A chopper is a motorcycle but not the traditional type. Choppers are motorcycles that have been radically modified by the owner or even the manufacturer. Choppers are motorcycles that have a few less features than a regular motorcycle. The chopper came into existence following World War II when soldiers came back to the United States and began modifying their motorcycles. The soldiers removed any part of their motorcycle that was unnecessary, too big, too ugly and too heavy. The parts that were removed were the fenders, the front brakes and turn indicators. Most motorcycles also have a spring saddle, but not choppers. Choppers have the spring saddle removed from the frame so that the driver can sit as low to the ground as possible. Most choppers are made with a v-twin engine.

The main reason for redesigning and editing a motorcycle into the form of a chopper was to prepare the bike for dirt track racing and even mud racing. Removing all of the heavy, unwanted and unnecessary parts made the bike lighter and easier to handle in a high speed race. The large front tire is replaced with a smaller one and so is the headlight and the fuel tank. Most motorcycles have a large fuel tank but choppers have a smaller fuel tank to lighten the load of the bike. As required by law, almost all choppers across the country have to have protective bars for the driver installed. Those bars, which are on the back of the bike and stick straight up in the air, are often referred to as ‘sissy bars.’ More often than not the ‘sissy bars’ can be seen over the driver’s head when looking at a chopper from the front of the bike.
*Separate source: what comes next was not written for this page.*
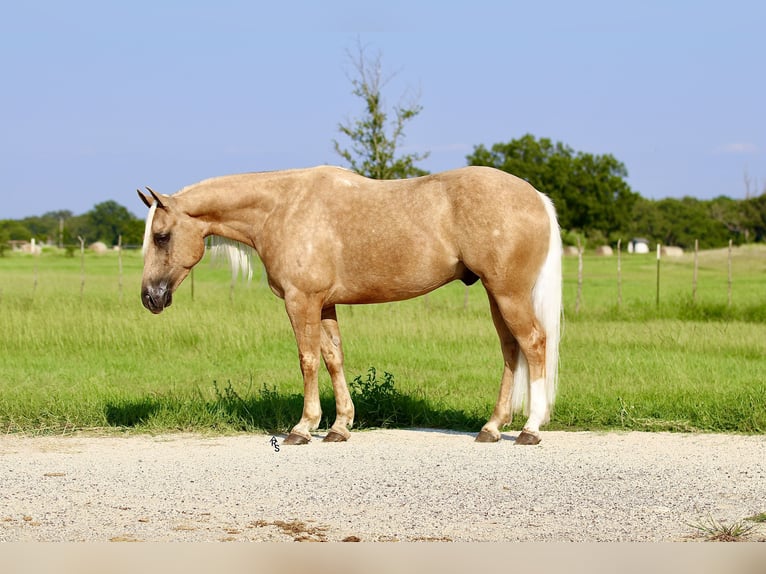 American Quarter Horse Gelding 5 years 14,2 hh Palomino in Whitesboro, TX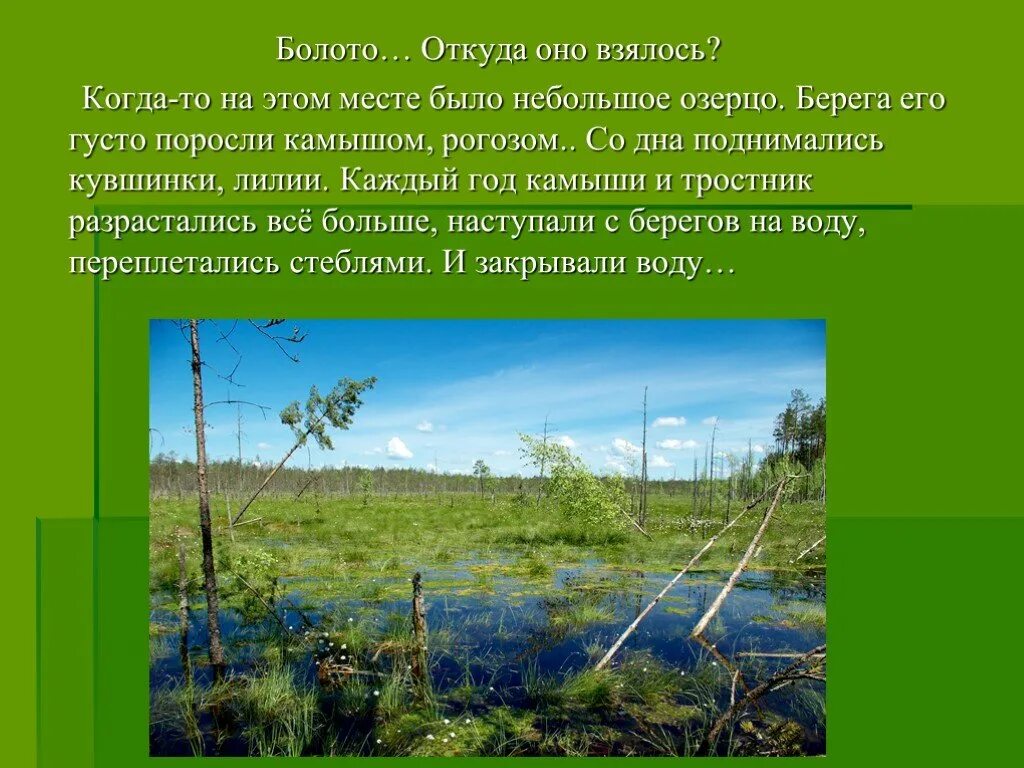 Болото краткое содержание. Сообщество болота. Сообщество болото презентация. Природное сообщество болота. Презентация природные сообщества болото.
The reason for returning soldiers from World War II to work on their motorcycles was that the majority of them had been trained by the United States to work on automobiles and heavy machinery while in the armed forces. They were trained to repair these vehicles while on the battlefield and while at the camp in case of breakdown or other technical problems. Almost all of these soldiers weren’t even mechanics before joining the service.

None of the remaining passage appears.